At issue is what qualifies a company to claim that it is the manufacturer of a product it sells.
The case, still not scheduled for a hearing, could have implications for all sorts of companies that use U.S.-based contract manufacturers, said tax lawyers on Tuesday.
"Contract manufacturing is probably the biggest issue that is disputed between IRS and taxpayers" in audits focused on the domestic manufacturing deduction, known as Section 199, said George Manousos, a tax partner at PricewaterhouseCoopers.
Upcoming court rulings in this area are "going to be very influential," he said, with wins for corporations potentially opening the door to wider retroactive claims under Section 199, but IRS victories reducing the attractiveness of the deduction.
L Brands declined to comment on Tuesday, citing the pending litigation. The IRS also declined to comment.
L Brands was formerly named Limited Brands.
Enacted in 2004 amid concerns about manufacturing jobs leaving the United States, the Section 199 deduction was meant to bolster the U.S. manufacturing job base. Since then, it has become ubiquitous and claimed by a wide range of companies.
Publishers, mining companies and television production groups have claimed the deduction. The IRS has been aggressively auditing such claims, especially those involving third-party contract manufacturers, tax lawyers said.
IRS VS LIMITED
The IRS hit Limited Brands, based in Columbus, Ohio, with tax bills in 2010 and 2012 for claiming the deduction from 2007 through 2009, according to court documents.
The company's U.S.-based contract manufacturers made gels, creams and other lotions, as well as the packaging and labeling for them, following Limited's specifications, according to the company's 2010 and 2012 Tax Court filings.
The contract manufacturers, not named in court documents, were not owned by Limited Brands. But the company said it "controlled and monitored every stage of the production cycle."
Limited said it assumed "the benefits and burdens" of the manufactured products, which were ultimately sold at Victoria's Secret and Bath & Body Works stores. As a result, the company has said, it should get the Section 199 manufacturing deduction.

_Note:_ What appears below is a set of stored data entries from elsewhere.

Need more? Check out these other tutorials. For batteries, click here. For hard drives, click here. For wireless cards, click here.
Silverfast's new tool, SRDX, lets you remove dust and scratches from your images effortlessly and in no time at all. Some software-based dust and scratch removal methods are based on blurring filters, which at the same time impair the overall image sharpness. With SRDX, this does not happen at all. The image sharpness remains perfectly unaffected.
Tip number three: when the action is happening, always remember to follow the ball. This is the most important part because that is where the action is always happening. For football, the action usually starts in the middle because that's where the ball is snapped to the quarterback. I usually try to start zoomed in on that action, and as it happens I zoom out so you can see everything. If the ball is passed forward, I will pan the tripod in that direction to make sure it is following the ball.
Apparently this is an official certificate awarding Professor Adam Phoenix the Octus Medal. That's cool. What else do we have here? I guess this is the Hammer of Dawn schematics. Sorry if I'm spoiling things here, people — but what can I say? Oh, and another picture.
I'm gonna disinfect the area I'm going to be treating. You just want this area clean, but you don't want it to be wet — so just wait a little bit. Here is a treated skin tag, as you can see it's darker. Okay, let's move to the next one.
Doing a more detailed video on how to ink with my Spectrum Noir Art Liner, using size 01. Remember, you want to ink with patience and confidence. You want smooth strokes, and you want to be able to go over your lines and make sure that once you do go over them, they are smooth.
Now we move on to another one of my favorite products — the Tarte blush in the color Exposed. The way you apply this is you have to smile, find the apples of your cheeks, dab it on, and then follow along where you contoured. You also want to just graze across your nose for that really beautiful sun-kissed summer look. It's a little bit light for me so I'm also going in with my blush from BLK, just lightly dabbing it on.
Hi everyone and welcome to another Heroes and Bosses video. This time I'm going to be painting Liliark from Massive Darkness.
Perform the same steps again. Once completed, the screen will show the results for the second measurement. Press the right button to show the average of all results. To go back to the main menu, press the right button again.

The IRS, however, has disputed that Limited Brands is a manufacturer under Section 199, according to court filings.
The agency said Limited did not communicate frequently with the contract manufacturers and did not control the raw materials used in the production process.
MEDIA AND MARKETING CHALLENGES
Valassis Communications Inc and Meredith Corp , both media and marketing businesses, are also challenging the IRS over contract manufacturing, documents show.
Valassis's case, which involves ADVO Inc, a business acquired in 2007, went to trial in May 2012. A court ruling in the dispute, over about $2.5 million of Section 199 deductions, could come this spring, Manousos said.
Meredith's dispute is not in court, but the company is challenging the IRS in the agency's internal appeals process.
Valassis and Meredith declined to comment.
The IRS last week ruled against an unnamed book publisher, saying it could not claim the deduction for income derived from the sale of books produced by a contract manufacturer.
Section 199 cost the Treasury Department $13.4 billion in 2012, according to a 2012 Congressional report. That cost to taxpayers is projected to rise to $16.4 billion by 2015.
Critics of the deduction call it corporate welfare and say it should be scrapped. Advocates say it is mostly claimed by manufacturers and it supports a vital segment of the economy.
An IRS win in court might discourage businesses from claiming the deduction, potentially driving jobs offshore, said Todd Reinstein, a partner with law firm Pepper Hamilton.
The case is Limited Brands Inc and subsidiaries et al v Commissioner of Internal Revenue. Docket Nos. 17903-10 and 14667-12. The Valassis case is ADVO Inc & subsidiaries v Commissioner of Internal Revenue. Docket No. 17247-10.